It’s the only movie in the main “X-Men” series of films to not include the name of the superhero team of mutants in its title. Spinoffs like “Logan” and “Deadpool” got away with it, but they are far removed from the franchise’s main continuity.

The “Dark Phoenix” director and longtime franchise producer and writer Simon Kinberg said the decision to drop “X-Men” from the movie’s title was to “indicate that it’s a more character-driven movie.”

Read more: ‘Dark Phoenix’ is the worst-reviewed X-Men movie of all time, but the international box office could save it

“We really wanted to indicate that this is the ‘Dark Phoenix’ story and that she’s at the center of this story,” Kinberg told Collider in October. “She’s the A-plot of this story. Everything around this story revolves really centrally around Jean/Dark Phoenix as really the subject of the movie, not the object of the movie.”

But there could be a more sensible reason for the title strategy.

The movie is called “X-Men: Dark Phoenix” in most international markets, and the franchise has always found more success internationally than at the domestic box office.
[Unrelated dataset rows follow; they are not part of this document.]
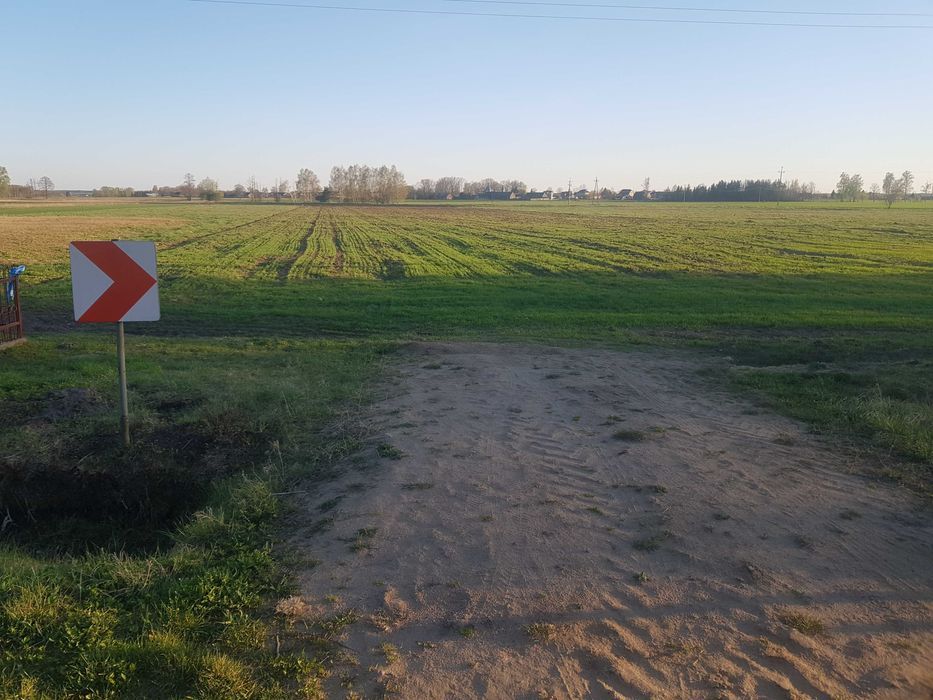 Działka budowlana Mochnate. Zdjęcie 3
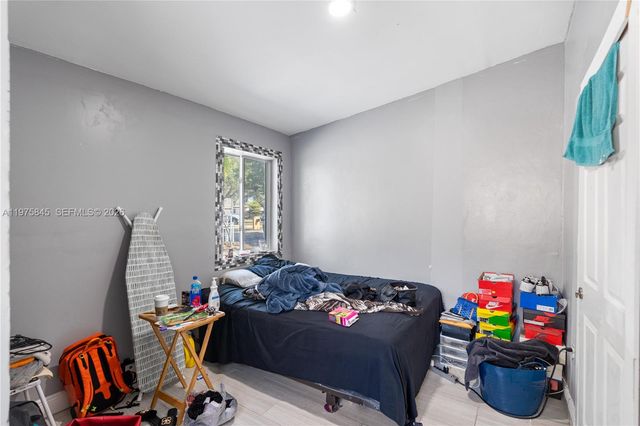 4520 SW 38th St, West Park, FL 33023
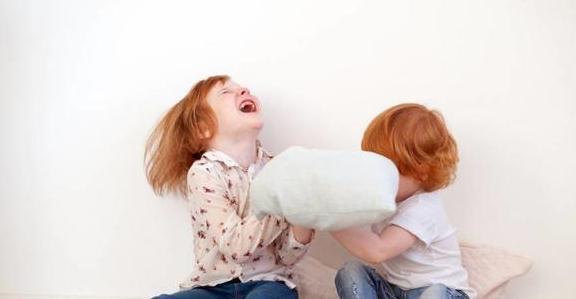 告状|弟弟被姐姐打哭,一边告状一边护着姐姐,画面太暖感动众人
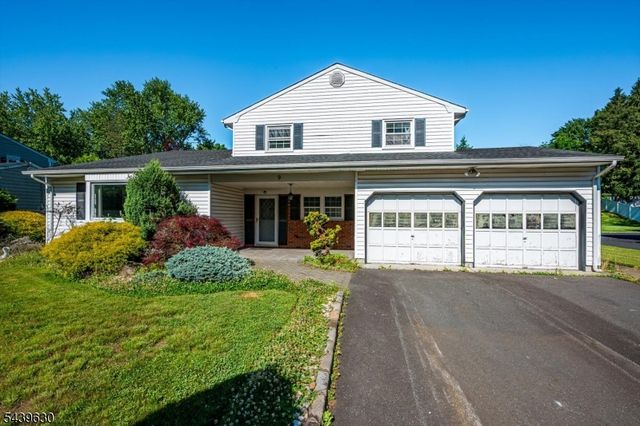 9 Annette Dr, Edison Twp., NJ 08820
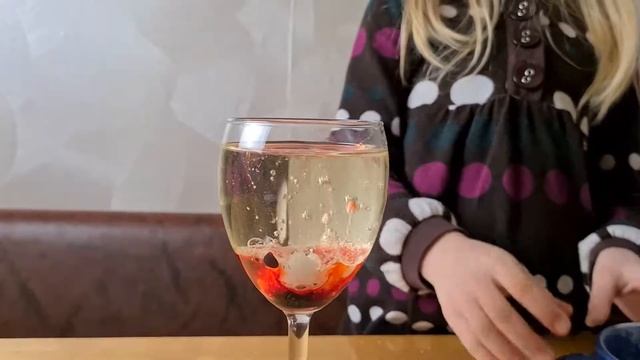 ВОЛШЕБНАЯ ЛАВОВАЯ ЛАМПА в домашних условиях. ЭКСПЕРИМЕНТ ШОУ. Как сделать лавовую лампу?! ЛАВА-ЛАМП смотреть онлайн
Business Insider’s Jason Guerrasio wrote that every “X-Men” movie besides the first three have made more money outside the US.

It suggests that Fox has lost faith in the “X-Men” brand in the US after nearly 20 years of releasing these movies, which isn’t a great sign for a movie’s success. “Dark Phoenix’s” 2016 predecessor, “X-Men: Apocalypse,” made just $160 million in the US and received a 47% Rotten Tomatoes critic score. And “Dark Phoenix” is already off to a worse start.
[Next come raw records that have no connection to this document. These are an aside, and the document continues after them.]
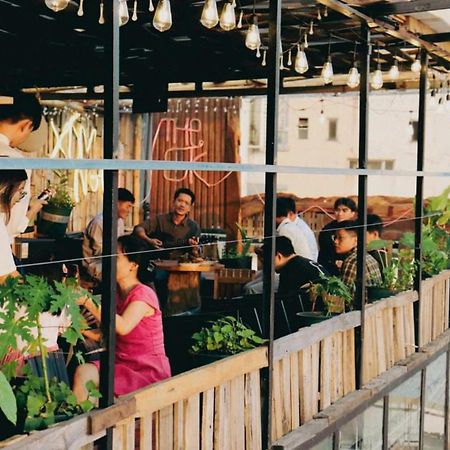 The Gk House Hostel, Ecolliving, Central City, Natural Wooden, Chill View Rooftop, Restaurant And Cocktail Bar Ho Si Minh-város Kültér fotó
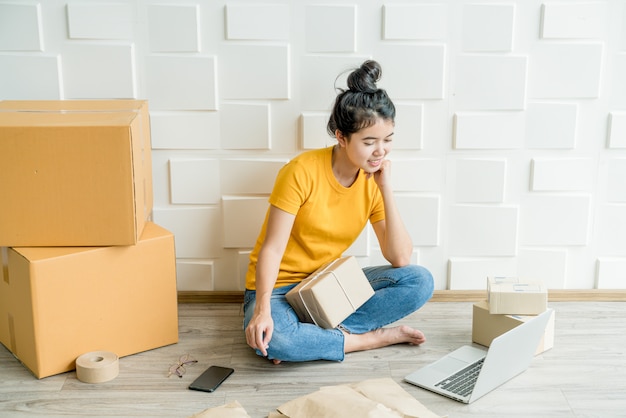 giovane donna asiatica sentirsi stress o deprimere davanti al suo computer portatile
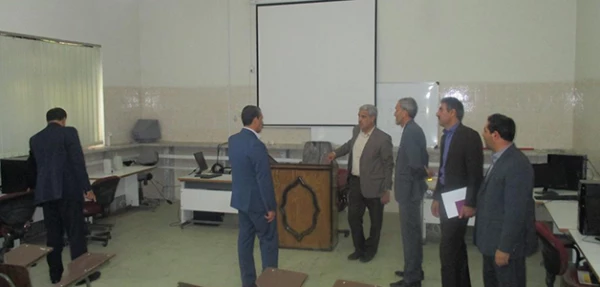 بازدید مدیر کل برنامه ریزی، خدمات و رفاه دانشجویی از پردیس های استان ایلام
 4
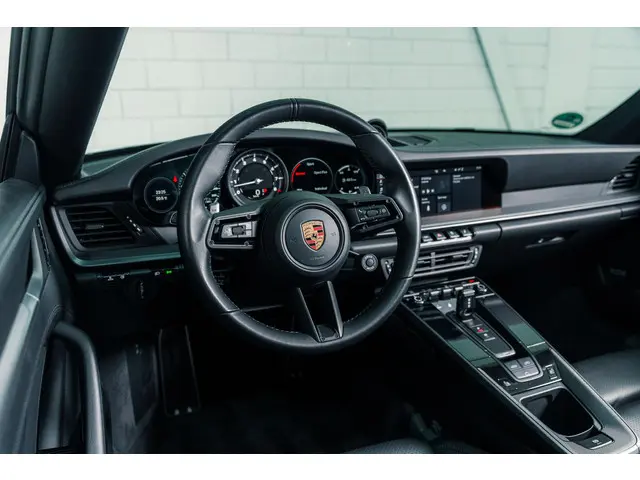 Porsche 911 Carrera 4S Cabriolet 2020 Benzine 18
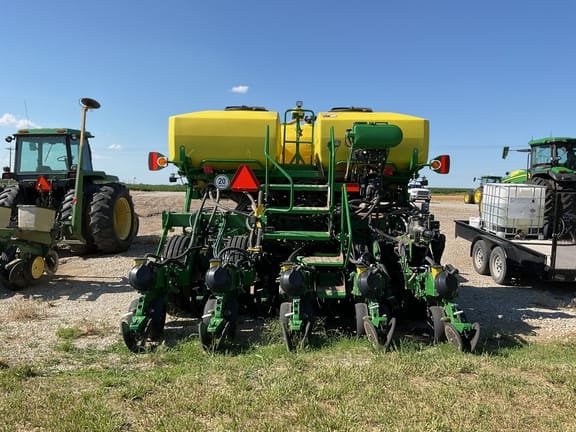 Main image John Deere 1795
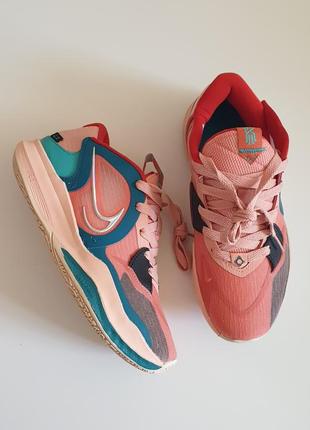Женские кроссовки nike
“Dark Phoenix” is the worst reviewed “X-Men” movie yet with a 21% critic score on Rotten Tomatoes, which could hurt its chances at the box office.
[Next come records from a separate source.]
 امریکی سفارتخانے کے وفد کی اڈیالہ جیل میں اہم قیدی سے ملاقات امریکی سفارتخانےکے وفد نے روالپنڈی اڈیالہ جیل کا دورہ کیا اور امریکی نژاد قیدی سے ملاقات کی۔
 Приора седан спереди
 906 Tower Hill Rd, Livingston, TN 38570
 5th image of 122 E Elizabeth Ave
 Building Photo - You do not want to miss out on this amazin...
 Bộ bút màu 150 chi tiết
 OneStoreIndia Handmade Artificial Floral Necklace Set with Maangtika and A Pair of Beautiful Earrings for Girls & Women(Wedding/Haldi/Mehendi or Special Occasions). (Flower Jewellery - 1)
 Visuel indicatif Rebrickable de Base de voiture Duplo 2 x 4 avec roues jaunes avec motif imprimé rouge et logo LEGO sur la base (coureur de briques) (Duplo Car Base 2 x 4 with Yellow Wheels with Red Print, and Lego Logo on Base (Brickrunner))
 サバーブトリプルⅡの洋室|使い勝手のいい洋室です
Boxoffice.com projects “Dark Phoenix” to earn $49.9 million this weekend, which would be the lowest opening in the franchise, behind 2014’s “The Wolverine,” which made $53 million. Furthermore, it’s estimating that it will come in second at the box office, behind “The Secret Life of Pets 2.”

The “Dark Phoenix” release date was also postponed twice, which is usually a sign that a movie is in trouble. It was originally set for release in November, then moved to February, and again moved to June. The movie underwent significant reshoots that dramatically altered its ending.

“There was more of a cosmic story … the story ended in space in a much more significant way,” the producer Hutch Parker told Digital Spy in May. “We actually shifted that to be back on Earth, most notably, so that we can involve our main characters and see them come together.”

No matter what happens with “Dark Phoenix,” the franchise’s future is in the hands of Disney and Marvel Studios.